One important exception: if you want to later reverse the rollover and move funds back into a new employer's 401(k) plan, the plan must accept incoming IRA rollovers (many do, but not all). Pre-tax funds rolled into a traditional IRA can be moved to a qualified plan; after-tax (non-deductible) contributions tracked on Form 8606 generally cannot.

Can you still contribute to a rollover IRA?

Yes. Making a 401(k) rollover into an IRA does not count against your annual contribution limit. The rollover is not a "contribution" under IRC § 408 — it's a nontaxable transfer. You can roll over $500,000 and still make your $7,500 annual IRA contribution in the same year.1

For 2026, the annual IRA contribution limits are:2

These limits apply across all your traditional and Roth IRAs combined. If you contribute $4,000 to a Roth IRA, you can contribute at most $3,500 more to your traditional rollover IRA (for someone under 50).

Are those contributions tax-deductible?

This is where it gets nuanced. Traditional IRA contributions are deductible only if your income is below IRS-set thresholds — and the thresholds depend on whether you (or your spouse) are covered by a workplace retirement plan like a 401(k), 403(b), SIMPLE IRA, or SEP IRA.

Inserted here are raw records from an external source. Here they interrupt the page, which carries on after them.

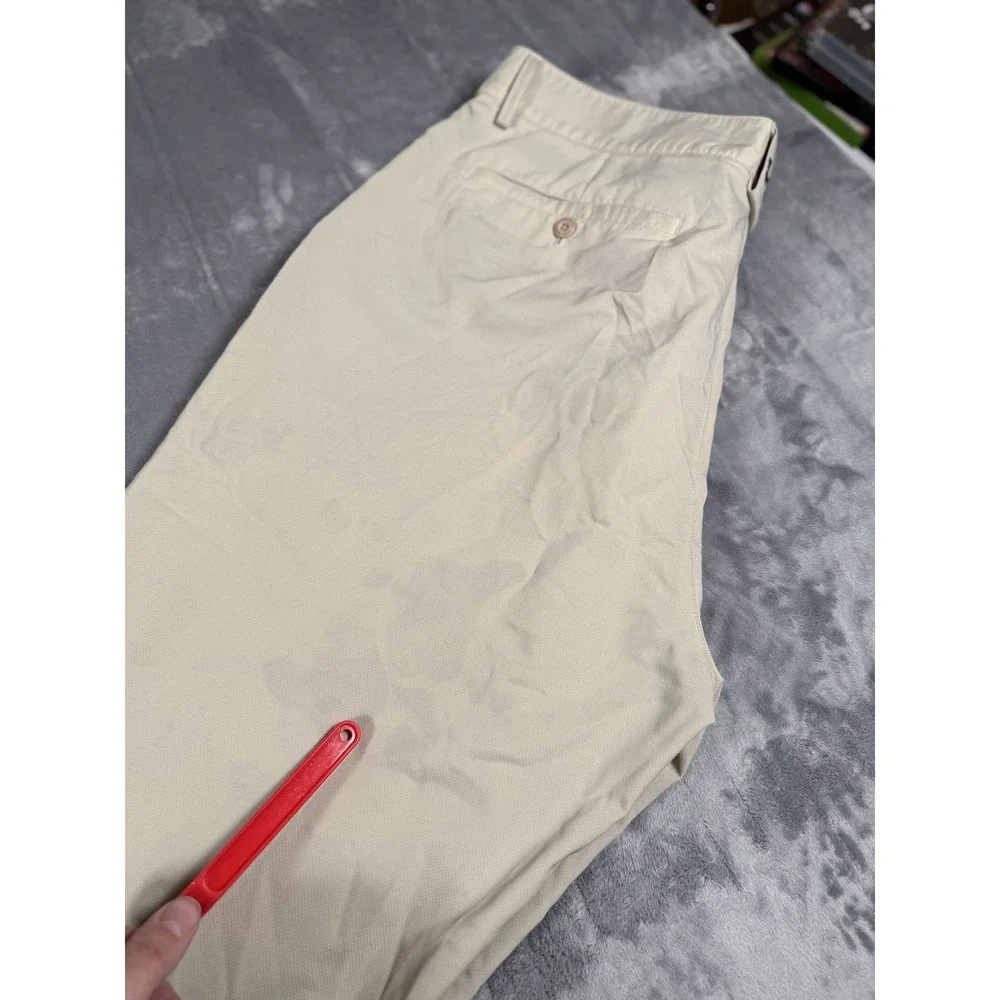 Under Armour Men's Tan Flat Front Performance Golf Pants Size 38 x 29 Straight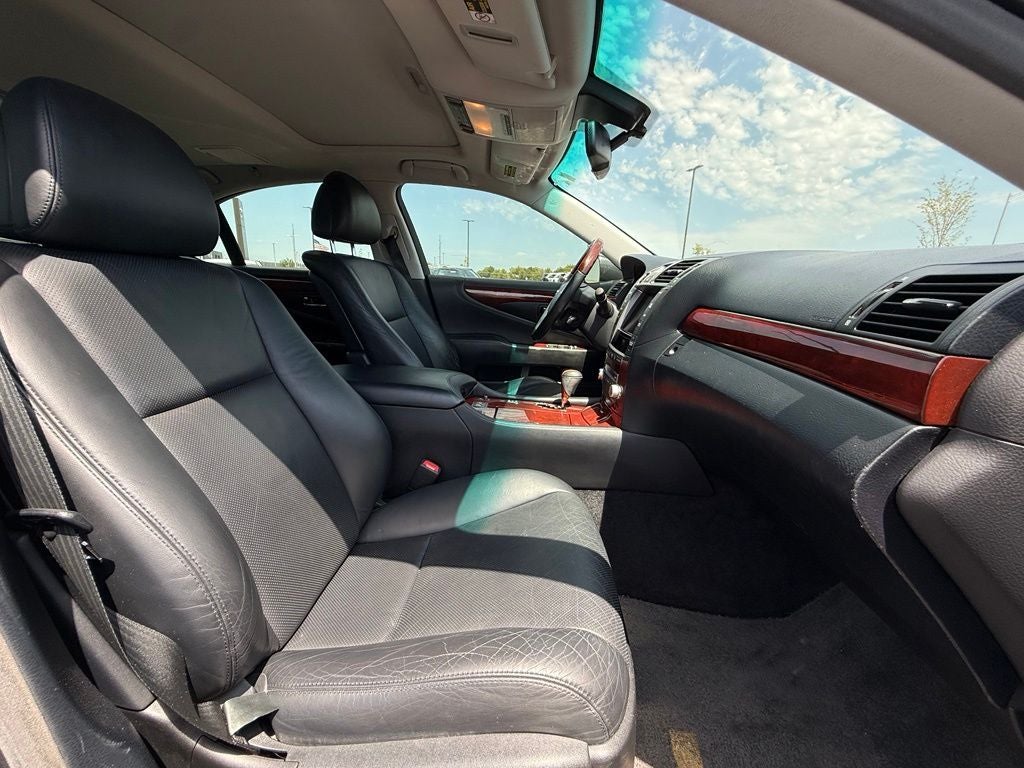 2010 Lexus LS 460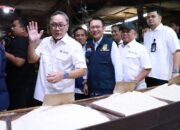 Penjabat Bupati Bekasi Dampingi Mendag Cek Harga Kebutuhan Pokok di Pasar Tambun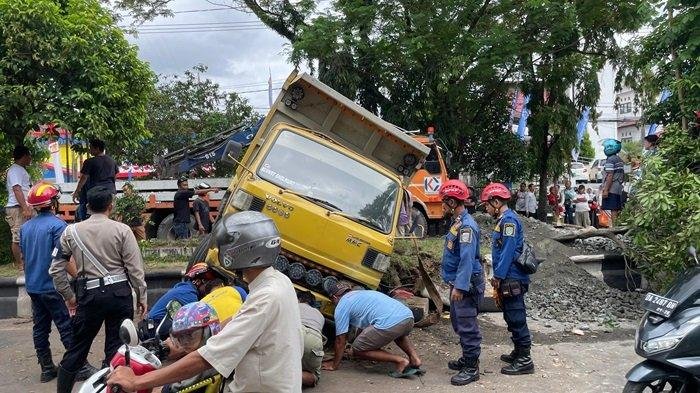 Truk Tabrak Trotoar hingga Terguling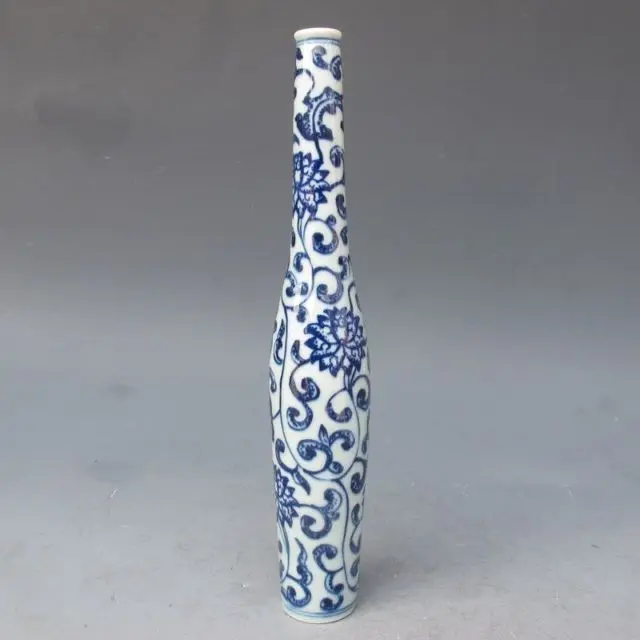 

Chinese Blue and white Porcelain Hand-Painted Vase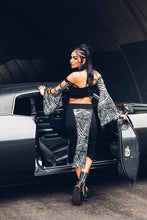 Load image into Gallery viewer, Lulu Kimono Sleeve Bullet Bra Crop Top [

If you have no active workplace retirement plan and neither does your spouse, your traditional IRA contributions are fully deductible at any income level. But if you or your spouse is in an active workplace plan, deductibility phases out:

Situation 2026 Phase-Out Range (MAGI)
Single or HOH, covered by workplace plan $81,000 – $91,000
MFJ, contributing spouse covered by workplace plan $129,000 – $149,000
MFJ, contributor NOT covered but spouse IS covered $242,000 – $252,000
MFS, covered by workplace plan $0 – $10,000
No workplace plan (neither spouse) Fully deductible at any income

Below the lower threshold: fully deductible. Above the upper threshold: not deductible at all. In between: a prorated deductible amount, rounded down to the nearest $10 with a $200 minimum.3

2026 IRA Deductibility Calculator

Find your 2026 traditional IRA deduction

Based on IRS Notice 2025-67 (2026 cost-of-living adjustments). Shows deductible portion of traditional IRA contribution for 2026.

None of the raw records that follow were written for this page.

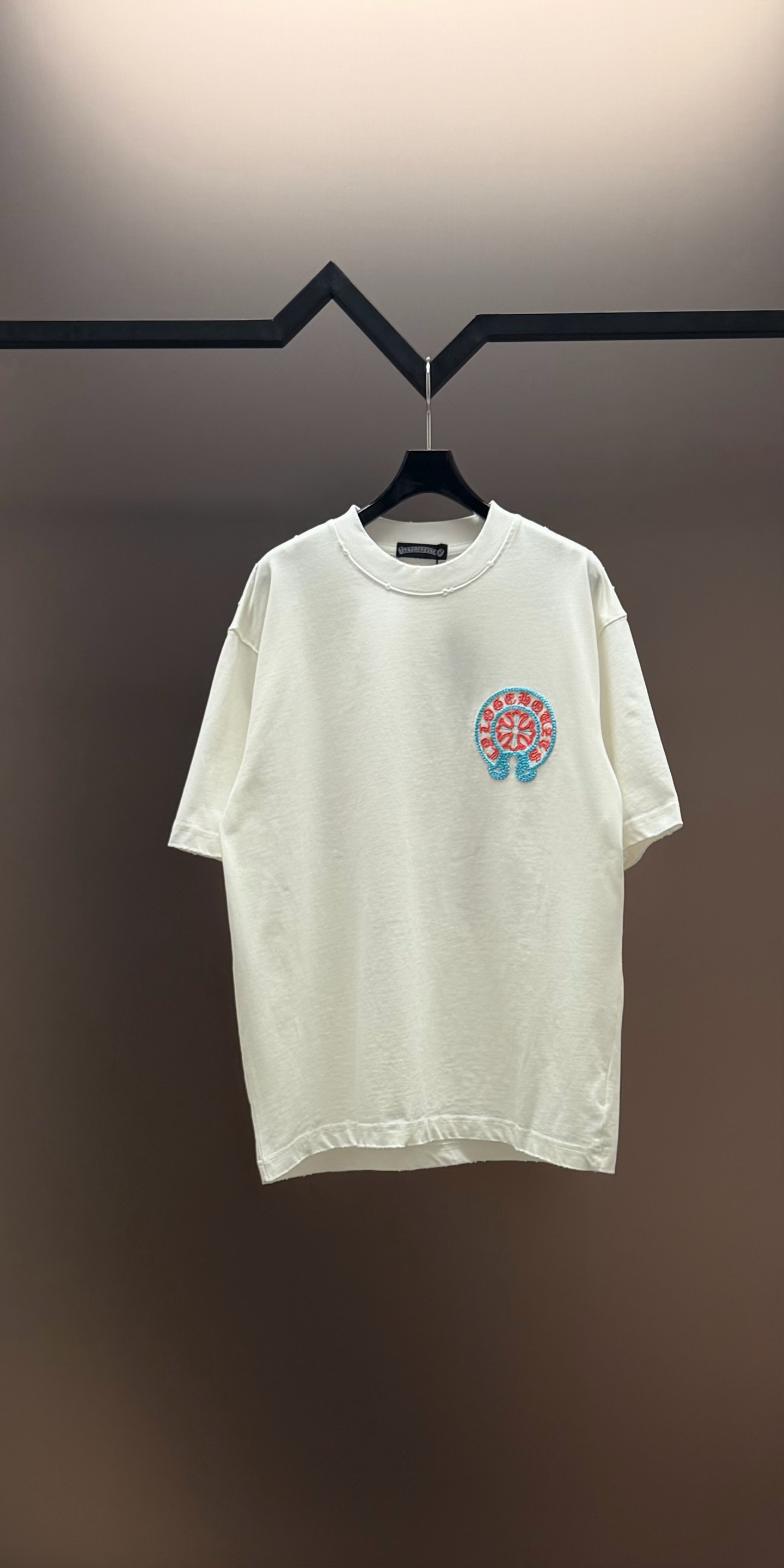 Chrome Hearts 品牌：克罗心 25SS最新 双针车线刺绣3D立体大图案品牌元素标志性品牌 胸前 Logo字母刺绣工艺短袖T恤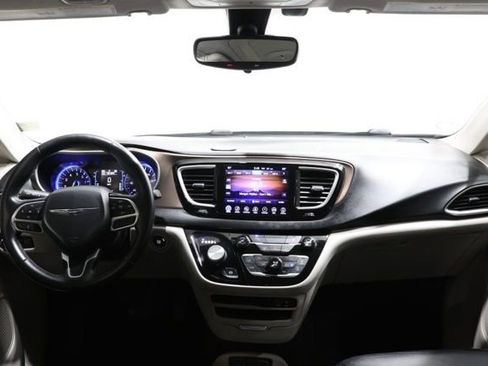 Used 2017 Chrysler Pacifica Touring-L FWD image 12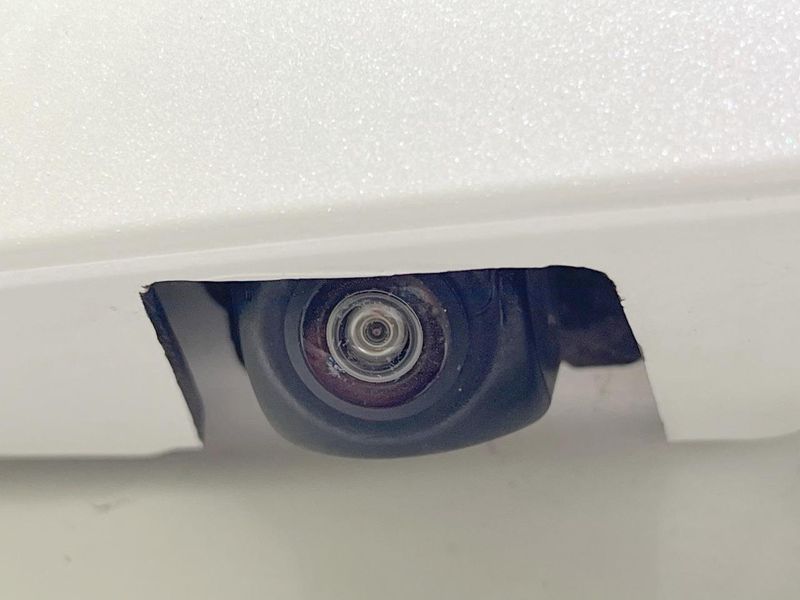 2018 Nissan Note DBA-E12 (UW-6a696e50cd86c)[16]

MAGI for IRA purposes = AGI + student loan interest + tuition deductions + foreign income exclusions. For most people, MAGI ≈ AGI from line 11 of Form 1040.

What to do with non-deductible contributions

If your income puts you in the phase-out range or above it, you can still contribute to a traditional IRA — you just don't get the upfront deduction. These are called nondeductible contributions. You track them on IRS Form 8606, which establishes your cost basis. When you eventually withdraw, the basis portion comes out tax-free; only the earnings are taxable.

However, nondeductible traditional IRA contributions interact badly with the Backdoor Roth strategy if you already have pre-tax IRA money (including the rollover balance). The pro-rata rule means you can't designate only the nondeductible dollars for conversion — every conversion draws proportionally from all your traditional IRA balances. A $100,000 rollover IRA plus $7,500 in nondeductible contributions means only about 7% of any conversion is tax-free. See Backdoor Roth and the Pro-Rata Trap for the full mechanics.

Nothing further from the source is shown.